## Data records
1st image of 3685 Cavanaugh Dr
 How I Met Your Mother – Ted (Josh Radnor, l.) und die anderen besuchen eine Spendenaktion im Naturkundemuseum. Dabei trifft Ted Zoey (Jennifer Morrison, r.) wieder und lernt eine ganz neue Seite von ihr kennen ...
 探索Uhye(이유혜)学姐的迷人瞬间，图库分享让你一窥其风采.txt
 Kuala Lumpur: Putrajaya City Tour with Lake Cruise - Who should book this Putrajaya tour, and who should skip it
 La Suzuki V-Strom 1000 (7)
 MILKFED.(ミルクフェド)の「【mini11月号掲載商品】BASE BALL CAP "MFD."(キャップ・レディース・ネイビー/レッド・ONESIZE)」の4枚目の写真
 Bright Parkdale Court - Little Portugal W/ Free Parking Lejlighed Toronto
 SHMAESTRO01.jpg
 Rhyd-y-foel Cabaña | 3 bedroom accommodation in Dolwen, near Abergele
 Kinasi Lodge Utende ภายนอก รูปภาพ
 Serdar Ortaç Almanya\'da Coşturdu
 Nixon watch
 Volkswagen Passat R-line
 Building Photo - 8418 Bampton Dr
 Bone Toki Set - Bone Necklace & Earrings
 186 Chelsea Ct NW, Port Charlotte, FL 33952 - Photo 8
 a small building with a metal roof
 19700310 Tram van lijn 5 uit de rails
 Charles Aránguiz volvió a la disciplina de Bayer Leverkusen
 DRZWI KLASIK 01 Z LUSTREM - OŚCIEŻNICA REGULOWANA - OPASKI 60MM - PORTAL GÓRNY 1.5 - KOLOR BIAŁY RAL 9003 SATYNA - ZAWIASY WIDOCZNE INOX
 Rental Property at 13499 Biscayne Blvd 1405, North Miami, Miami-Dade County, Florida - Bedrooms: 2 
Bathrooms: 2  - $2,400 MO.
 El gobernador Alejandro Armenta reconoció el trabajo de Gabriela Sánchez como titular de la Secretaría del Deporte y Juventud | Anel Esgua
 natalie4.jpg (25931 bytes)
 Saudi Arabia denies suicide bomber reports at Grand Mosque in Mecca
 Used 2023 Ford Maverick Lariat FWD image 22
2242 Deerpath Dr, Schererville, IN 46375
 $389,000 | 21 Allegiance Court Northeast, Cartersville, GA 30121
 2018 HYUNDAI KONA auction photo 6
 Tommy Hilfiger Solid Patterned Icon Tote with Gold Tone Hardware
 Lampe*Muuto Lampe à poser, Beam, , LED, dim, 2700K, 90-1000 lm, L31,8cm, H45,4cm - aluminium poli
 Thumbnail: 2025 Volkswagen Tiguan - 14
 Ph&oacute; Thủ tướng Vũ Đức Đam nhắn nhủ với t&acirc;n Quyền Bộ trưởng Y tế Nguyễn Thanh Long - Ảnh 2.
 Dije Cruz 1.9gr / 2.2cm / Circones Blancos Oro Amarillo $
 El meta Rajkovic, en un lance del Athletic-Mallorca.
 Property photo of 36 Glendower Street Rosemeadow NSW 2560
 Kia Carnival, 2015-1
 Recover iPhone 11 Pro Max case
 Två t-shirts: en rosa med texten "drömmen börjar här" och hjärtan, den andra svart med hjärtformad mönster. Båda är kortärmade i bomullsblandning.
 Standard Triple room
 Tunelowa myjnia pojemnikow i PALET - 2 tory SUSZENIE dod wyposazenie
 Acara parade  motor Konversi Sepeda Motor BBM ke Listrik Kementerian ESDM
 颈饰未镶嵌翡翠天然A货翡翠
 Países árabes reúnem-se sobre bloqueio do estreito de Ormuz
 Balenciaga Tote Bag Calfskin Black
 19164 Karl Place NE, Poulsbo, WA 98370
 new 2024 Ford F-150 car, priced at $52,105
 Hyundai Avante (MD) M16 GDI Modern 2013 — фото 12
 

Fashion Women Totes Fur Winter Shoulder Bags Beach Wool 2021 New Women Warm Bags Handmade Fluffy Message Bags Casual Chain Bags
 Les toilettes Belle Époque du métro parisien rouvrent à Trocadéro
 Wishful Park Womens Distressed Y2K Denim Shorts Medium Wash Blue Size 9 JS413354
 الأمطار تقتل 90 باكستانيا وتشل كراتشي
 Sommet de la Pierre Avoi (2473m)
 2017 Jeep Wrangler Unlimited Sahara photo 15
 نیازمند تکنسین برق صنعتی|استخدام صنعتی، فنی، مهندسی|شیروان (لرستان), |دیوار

## Task requirements
Every line in the entries above that has the word "Volkswagen" should be identified and copied.

## Task answer
 Volkswagen Passat R-line
 Thumbnail: 2025 Volkswagen Tiguan - 14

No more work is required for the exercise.